Ce mélange de coeur et d'entrepreneuriat lui vient de sa formation. Chantal Beauvais est docteur en philosophie et détient un diplôme d'études supérieures en administration publique de l'ENAP. Elle a également suivi des cours à la prestigieuse Université Harvard, sur le courage et ...la gestion du chaos!

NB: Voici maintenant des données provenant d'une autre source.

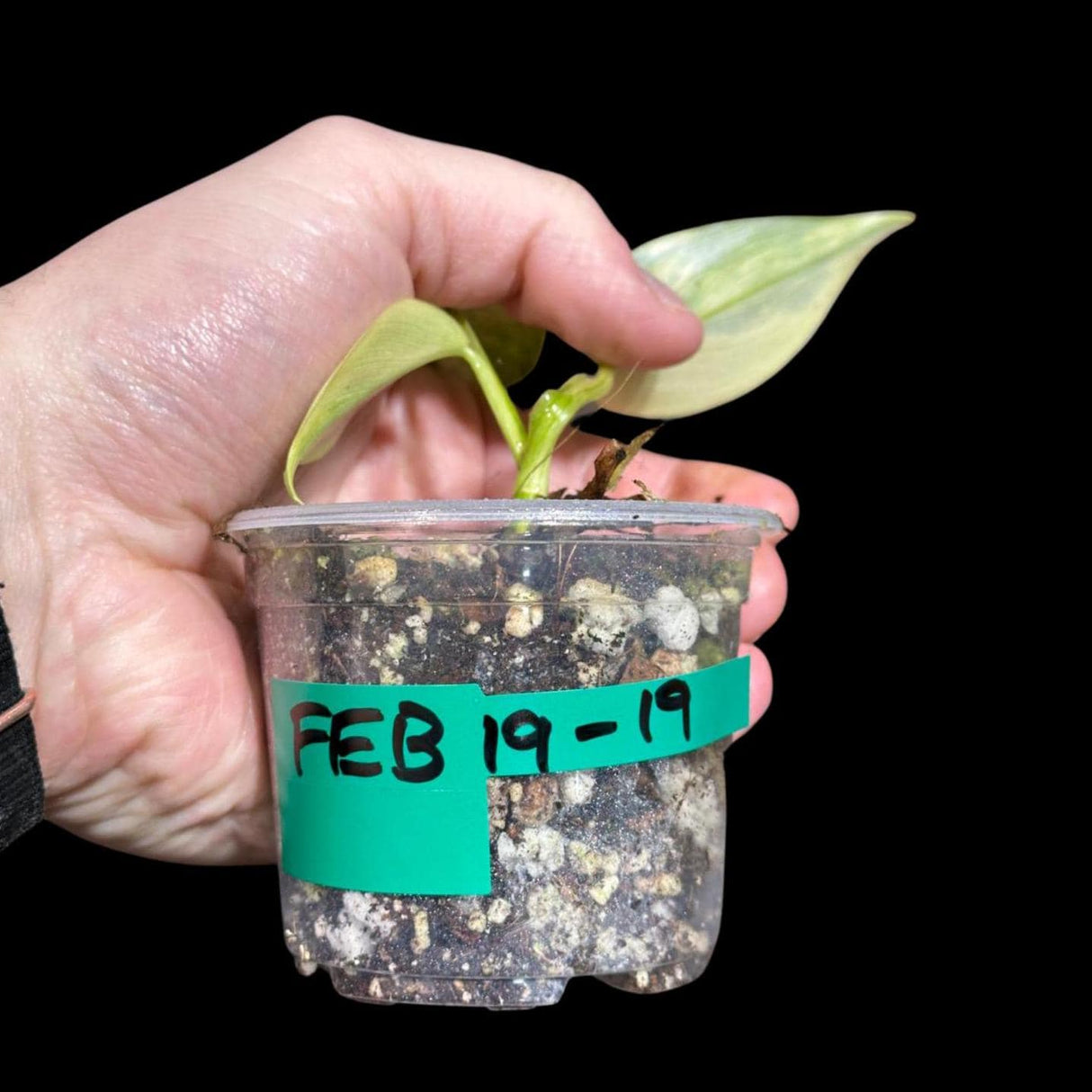 Philodendron Silver Sword Variegated Plant in a Nursery Pot | Indoor Live Plant | Extremely Rare Collector Plant | Rare Silver Sword Plant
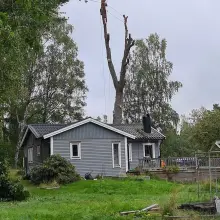 Zobacz zdjęcie: Arbo Section: wycinka i pielęgnacja drzew. Przyjmują zlecenia na październik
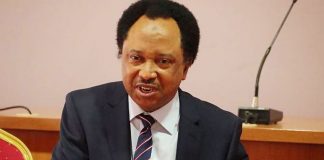 Product Of Exhausted Semen – Shehu Sani Blasts Bashir El-Rufai For Calling Him Jobless
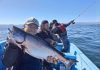 Entre salmones y conciencia ambiental: el boom de la pesca deportiva en Chiloé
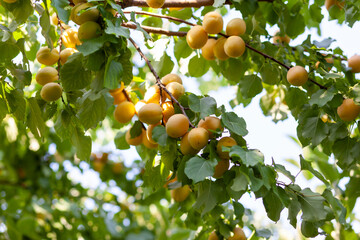 Apricots on apricot tree. Summer fruits. Ripe apricots on a tree branch. Close up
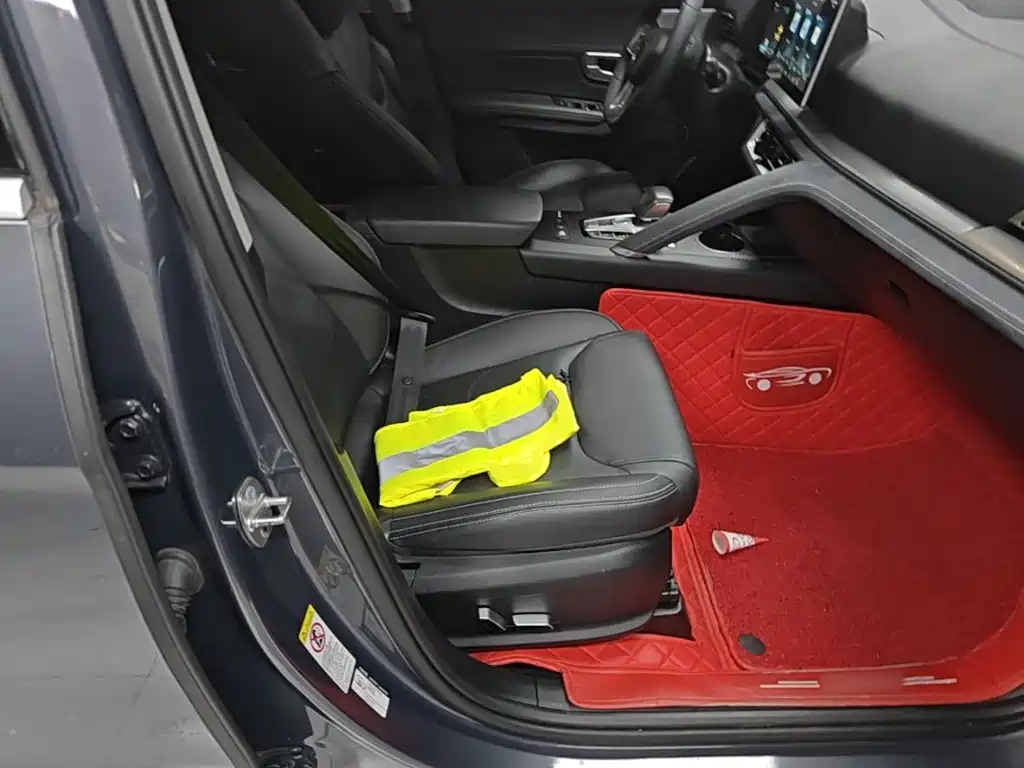 BYD Pro New Energy 2020 — фото 25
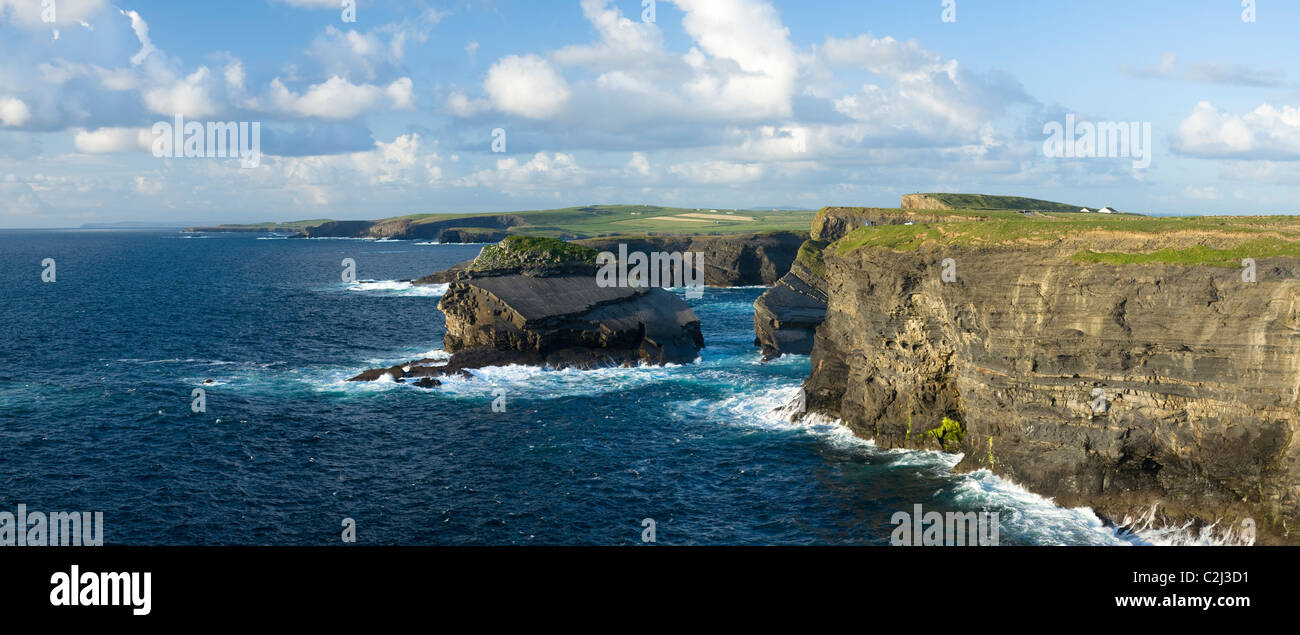 Atlantic Klippen und die Küste in der Nähe von Loop Head, County Clare, Irland. Stockfoto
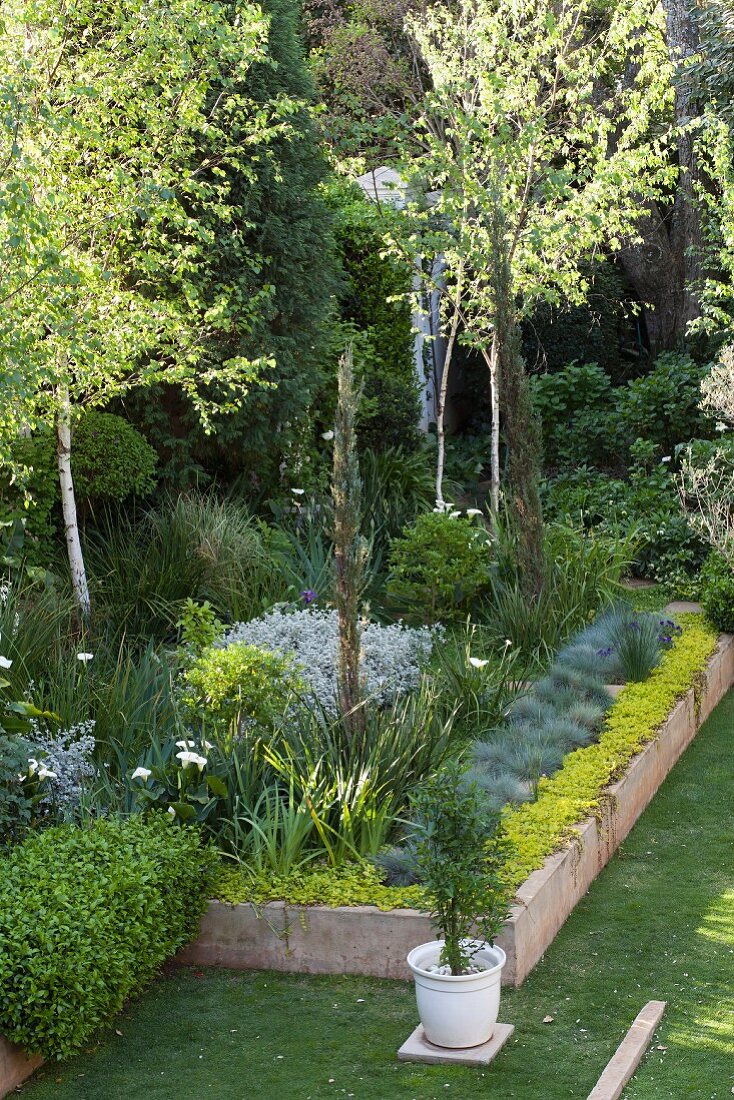 Von Natursteinplatten eingefasste Pflanzbeete und Bäume im Garten
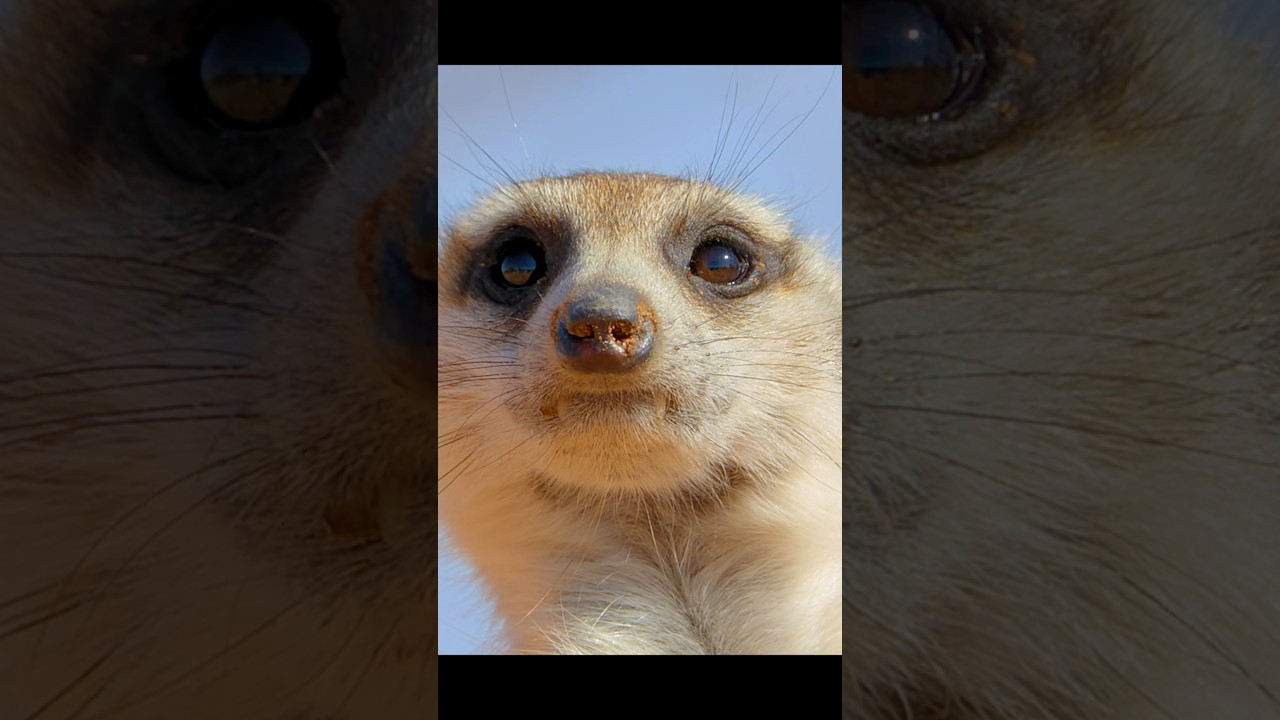 Hey, buddy, aren't you digging a little too hard? 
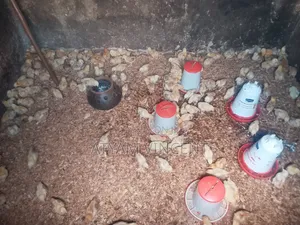 One Month Old Chicks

Des budgets difficiles à boucler

Cette ouverture sur le monde, Chantal Beauvais l'exécute dans des conditions financières difficiles. La province réduit ses subventions d'un pour cent par année et les frais de scolarité sont plafonnés. Il faut donc augmenter la clientèle étudiante, jusqu'à 1 500 si possible, pour obtenir un meilleur équilibre financier, prévoit la rectrice. Et comme les études en théologie ou en droit canonique ont de moins en moins la cote, il faut se tourner vers des programmes plus pratiques, plus intégrés au marché du travail, poursuit-elle. Cet automne, par exemple, Saint-Paul a lancé un programme en Innovation sociale afin d'amener les gens à gérer des coopératives, des organismes de charité ou d'économie sociale. Des ateliers seront conçus pour aider l'étudiant à mettre ses connaissances en pratique.

Troisième mandat ?

Chantal Beauvais, qui en est à son deuxième mandat à titre de rectrice, aimerait bien obtenir un renouvellement pour une période de trois ans. «Il y a encore plein de choses à faire», dit-elle.  Peut-être n'a-t-elle pas encore réussi à changer la face du monde, mais l'ancienne religieuse est réellement en train de changer le visage de l'Université Saint-Paul, tout en lui conservant son âme.